====== DATA BLOCK
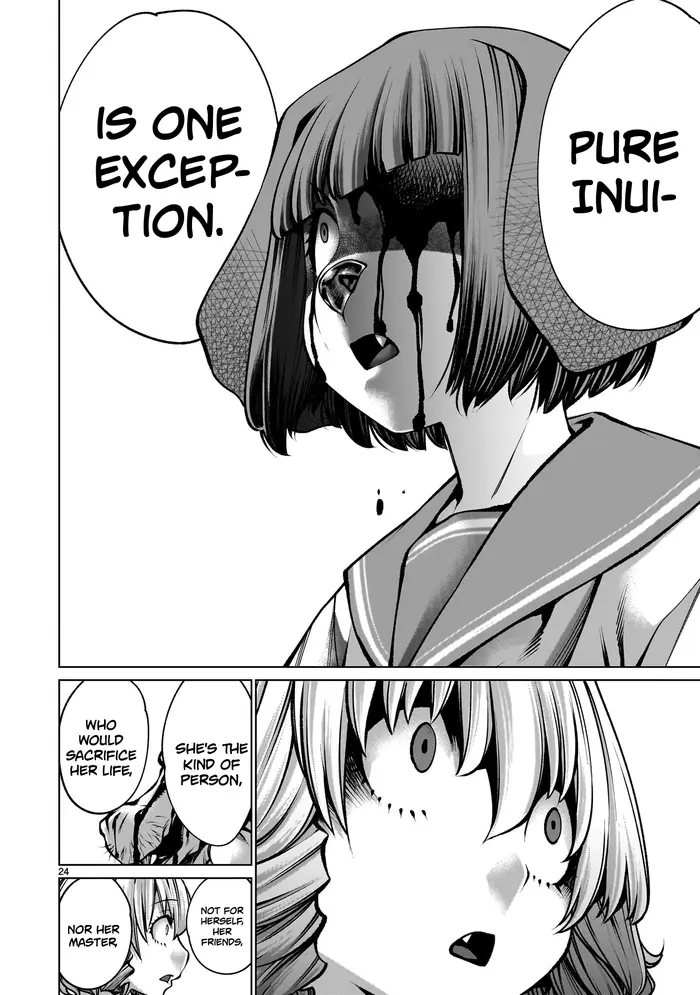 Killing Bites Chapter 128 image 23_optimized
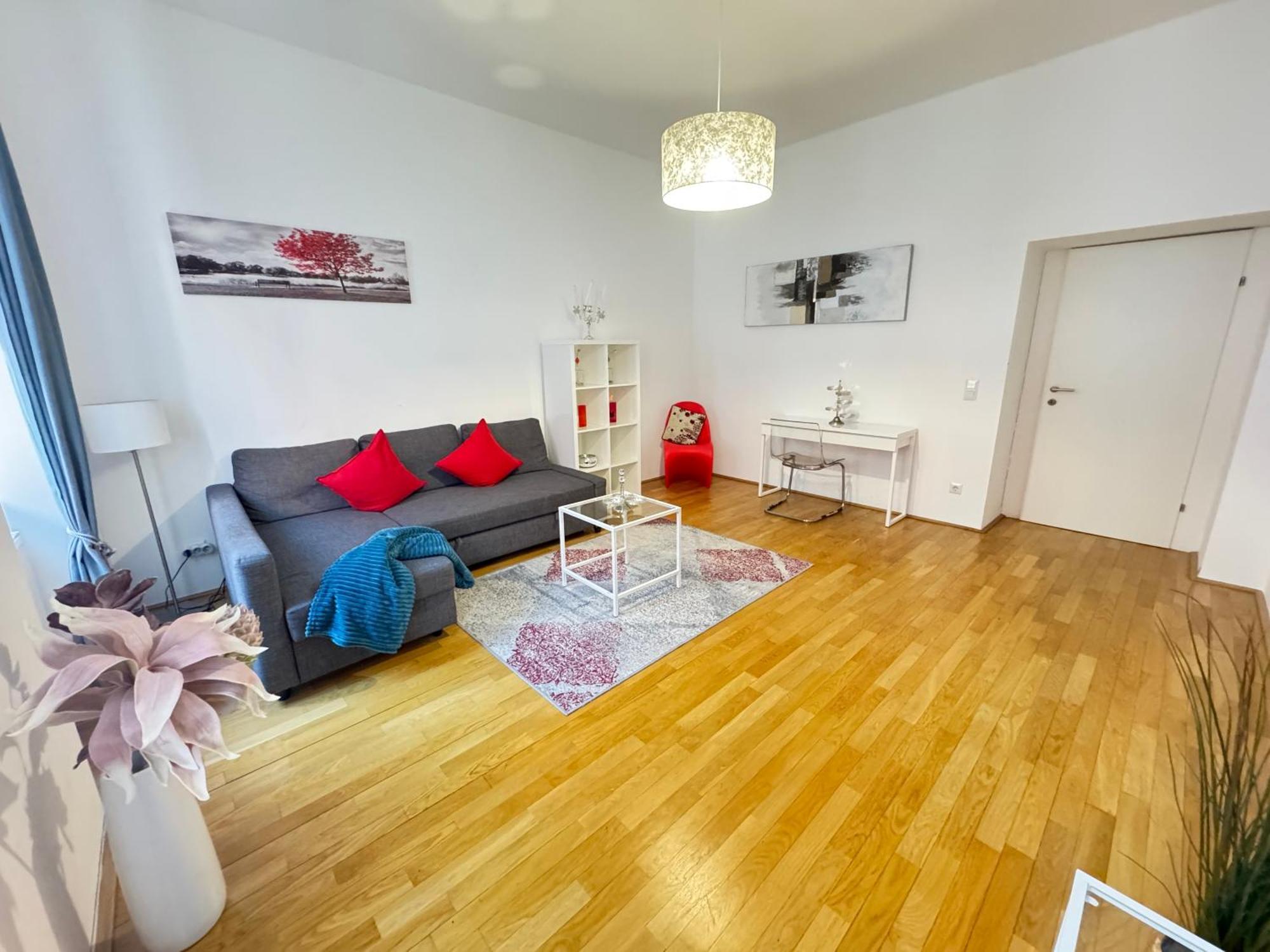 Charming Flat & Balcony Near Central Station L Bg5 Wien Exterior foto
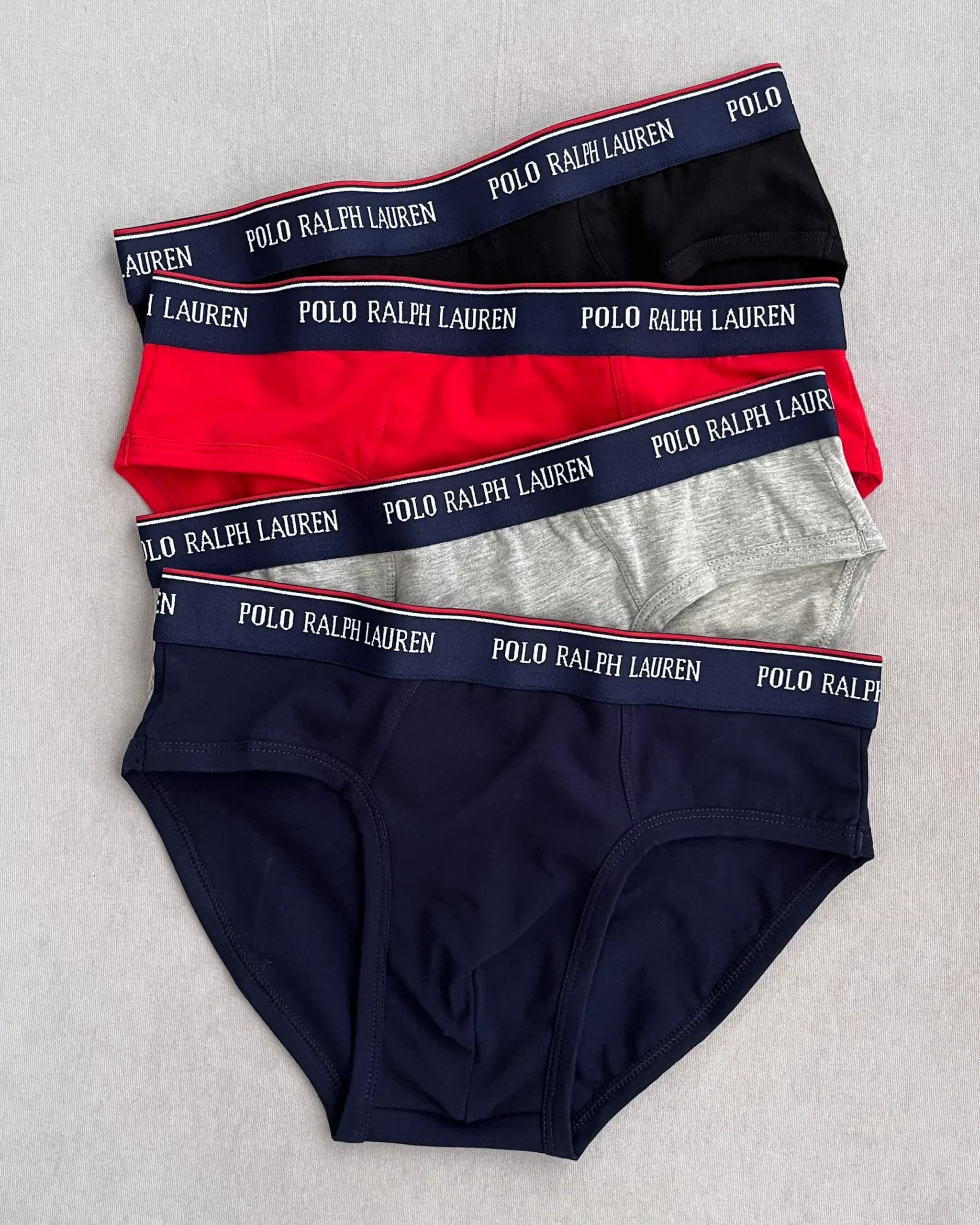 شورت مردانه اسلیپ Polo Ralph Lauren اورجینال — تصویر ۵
============
REQUIRED WORK:
Repeat the data in full and exactly. Omit pictures.

TASK RESULT:
 Killing Bites Chapter 128 image 23_optimized
 Charming Flat & Balcony Near Central Station L Bg5 Wien Exterior foto
 شورت مردانه اسلیپ Polo Ralph Lauren اورجینال — تصویر ۵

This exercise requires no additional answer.